In this way, decentralizing doesn’t just increase coverage, it makes coverage more targeted. Companies that embrace Decentralized Cybersecurity protect every endpoint that needs protecting, and they don’t waste resources protecting assets that, for whatever reason, aren’t being used.
More Operational Agility
Modern IT divisions operate more and more as silos within their organizations, and in a centralized cybersecurity model, IT professionals are being asked to approve and oversee an ever-growing number of digital assets.
This isn’t sustainable. Every time someone utters the phrase, “check with IT first,” the ability to get work done takes a hit. This friction can have measurable impacts on a business’ ability to respond to customers, adapt to changing market conditions, or even be first to market with a great new idea.
Decentralized Cybersecurity allows companies to properly decentralize their IT systems and give their employees the freedom and agility to do what they do best, safely.
Greater Personalization
Finally, Decentralized Cybersecurity can provide a much more personalized system of security measures for an organization than legacy cybersecurity systems are capable of pulling off.
Ditching our moat metaphor, let’s for a moment think of centralized cybersecurity as buying a suit or dress off the rack.
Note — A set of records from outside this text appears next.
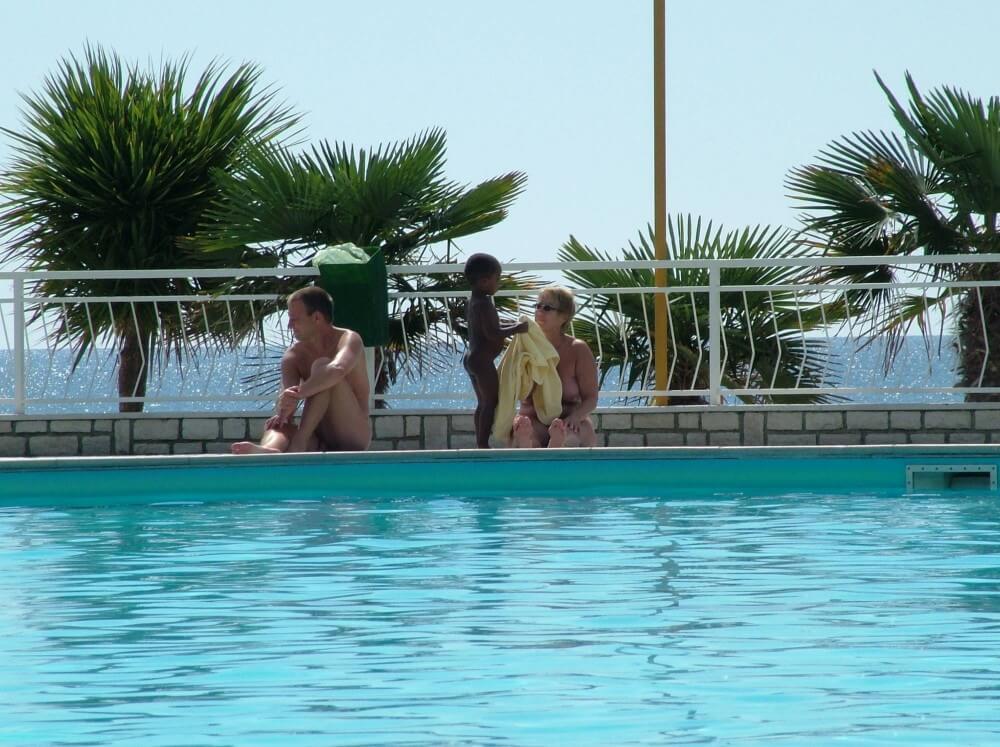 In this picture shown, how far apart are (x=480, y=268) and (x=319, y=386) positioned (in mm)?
1119

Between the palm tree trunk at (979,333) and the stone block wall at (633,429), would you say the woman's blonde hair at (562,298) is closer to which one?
the stone block wall at (633,429)

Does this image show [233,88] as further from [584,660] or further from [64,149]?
[584,660]

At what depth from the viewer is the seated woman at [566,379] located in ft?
26.7

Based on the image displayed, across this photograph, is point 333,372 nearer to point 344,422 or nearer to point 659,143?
point 344,422

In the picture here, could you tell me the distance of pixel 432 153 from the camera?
11.6 m

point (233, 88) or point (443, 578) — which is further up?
point (233, 88)

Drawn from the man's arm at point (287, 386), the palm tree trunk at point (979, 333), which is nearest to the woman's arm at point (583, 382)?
the man's arm at point (287, 386)

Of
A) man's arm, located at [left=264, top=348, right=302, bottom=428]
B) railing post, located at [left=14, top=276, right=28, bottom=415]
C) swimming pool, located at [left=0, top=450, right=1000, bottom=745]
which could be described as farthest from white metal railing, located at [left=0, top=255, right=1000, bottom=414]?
swimming pool, located at [left=0, top=450, right=1000, bottom=745]

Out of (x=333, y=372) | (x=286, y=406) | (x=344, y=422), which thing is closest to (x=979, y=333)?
(x=344, y=422)

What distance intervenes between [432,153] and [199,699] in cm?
874

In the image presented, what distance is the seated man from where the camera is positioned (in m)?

Sure, you can approximate fit by selecting your general size, but you’ll never look as good as you will wearing something tailor-made.
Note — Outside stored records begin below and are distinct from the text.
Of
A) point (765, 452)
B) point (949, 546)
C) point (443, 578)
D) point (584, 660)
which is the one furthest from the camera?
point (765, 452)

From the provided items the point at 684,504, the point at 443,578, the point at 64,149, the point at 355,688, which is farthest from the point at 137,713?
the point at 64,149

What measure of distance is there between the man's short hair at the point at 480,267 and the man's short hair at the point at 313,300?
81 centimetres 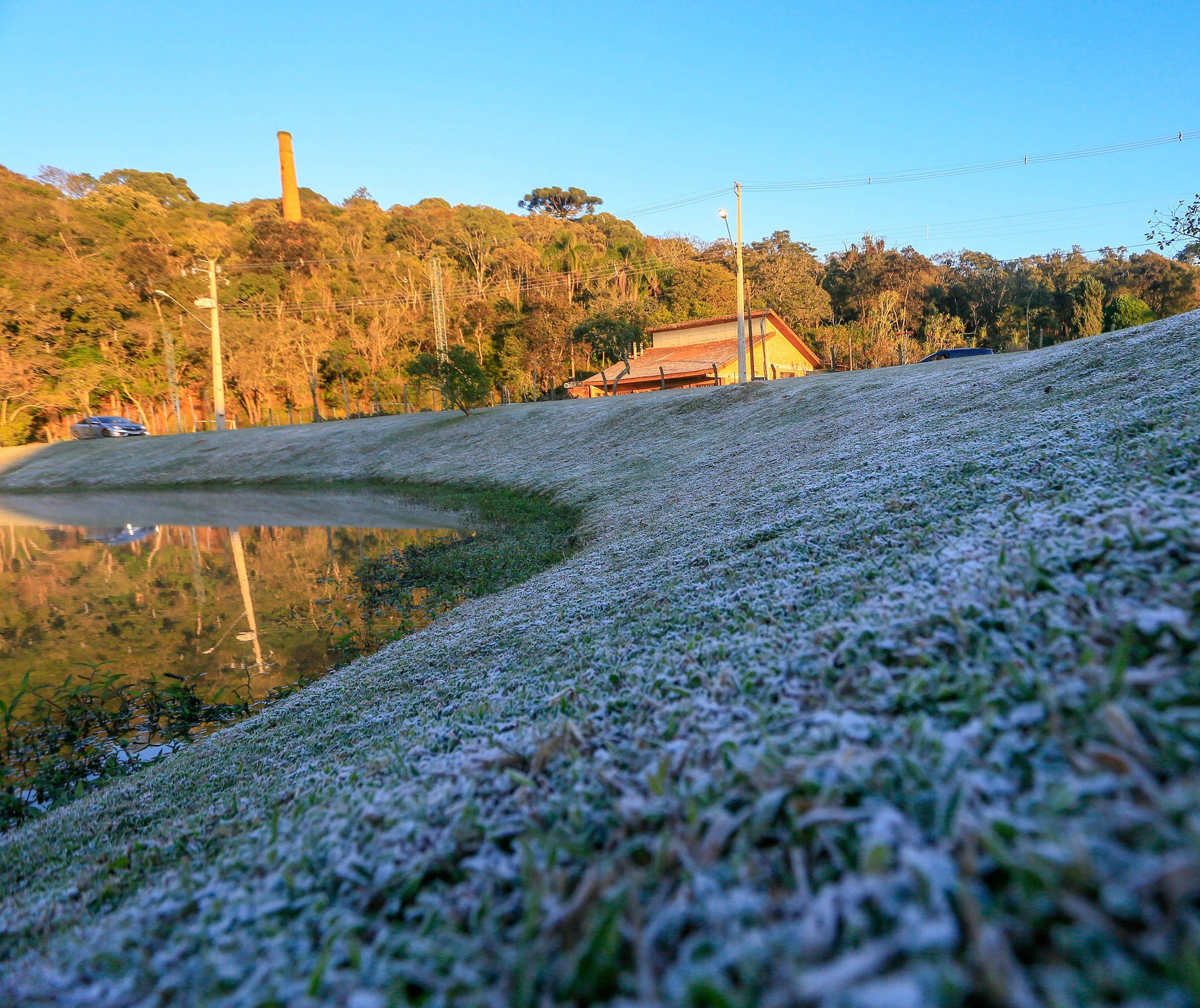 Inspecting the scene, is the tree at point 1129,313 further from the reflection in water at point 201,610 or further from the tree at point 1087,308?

Decentralized Cybersecurity is exactly that: a tailored solution to any company’s cybersecurity needs that’s capable of growing and adapting as needed. When the stakes of protecting digital assets are potentially existential, why settle for an off-the-rack solution?
Why IT Is Trending Away from Centralized Cybersecurity
Hopefully it’s clear by now why Decentralized Cybersecurity has so many advantages over centralized approaches. But if these advantages are by themselves not enough to convince you of the importance of decentralizing, consider the numerous global trends that are necessitating a more decentralized approach to cybersecurity:
More (and More) Mobile Devices
The proliferation of mobile devices isn’t a new trend, but it’s not one that’s going anywhere, either. Modern businesses need to allow employees to work on-the-go, and that means more endpoints for IT professionals to protect.
Decentralized Cybersecurity is uniquely suited to bring mobile devices inside the safety of a company’s network.
The Continued Rise of Remote Work
Many companies were already moving towards remote and hybrid work setups prior to March 2020, but the pandemic pushed nearly every industry to reevaluate how they might join the remote work bandwagon.
However, remote work strains the ability of a single moat to continue to protect all of a company’s digital assets. It’s hard to suddenly extend that moat out to thousands of homes without introducing new vulnerabilities, especially when this shift was done in a hasty, and often haphazard, way as we saw during the pandemic.
Here again Decentralized Cybersecurity shines, because it allows IT to add new devices to the protected network without sacrificing security.
It’s Time to Start Decentralizing Cybersecurity
The core idea of Decentralized Cybersecurity is simple: instead of protecting a system holistically, IT professionals focus on protecting the endpoints of that system.
There’s no single, optimal way to roll out a paradigm shift like this. Instead, it’s up to IT professionals to evaluate their own networks to see what sorts of benefits a decentralized approach to cybersecurity might bring, and how best to start moving in that direction.